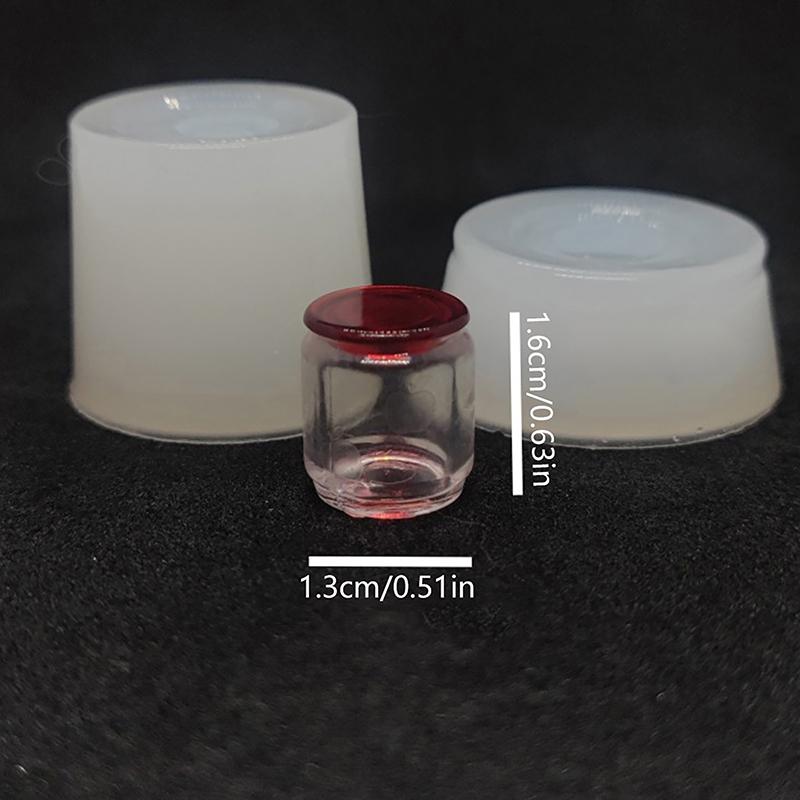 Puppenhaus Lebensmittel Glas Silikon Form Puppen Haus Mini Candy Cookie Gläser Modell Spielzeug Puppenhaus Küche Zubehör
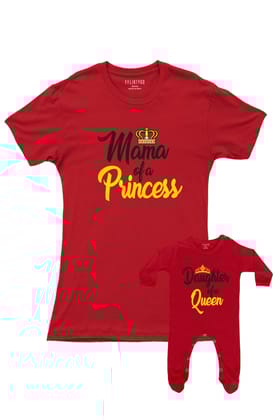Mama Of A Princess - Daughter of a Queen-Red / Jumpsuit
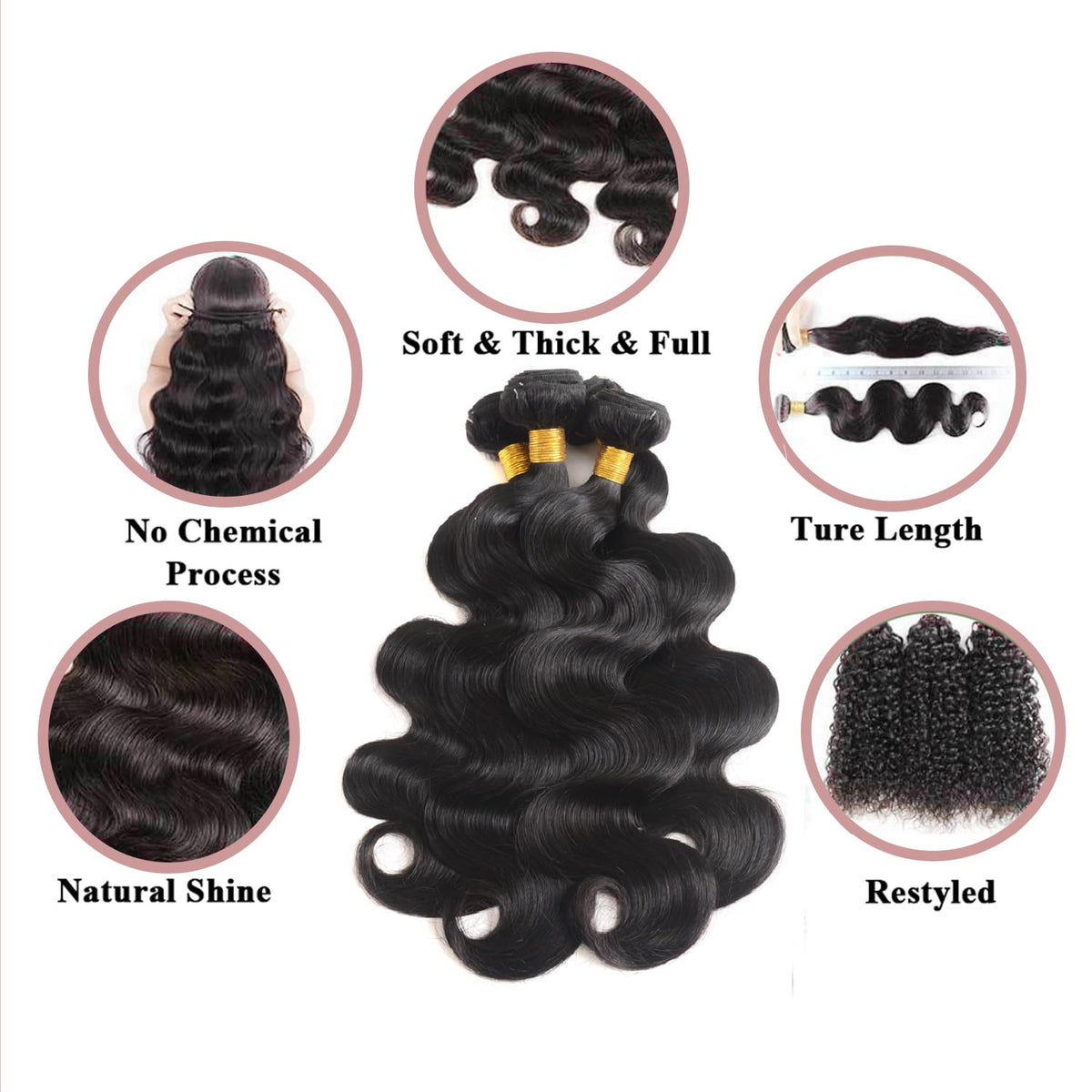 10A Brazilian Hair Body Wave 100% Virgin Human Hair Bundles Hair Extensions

-- TASK --
Leaving the pictures aside, transcribe only the lines from the one containing "Mama Of A Princess" to the final line of the listing above, inclusive, exactly as they appear.

-- SOLUTION BELOW --
Mama Of A Princess - Daughter of a Queen-Red / Jumpsuit
 10A Brazilian Hair Body Wave 100% Virgin Human Hair Bundles Hair Extensions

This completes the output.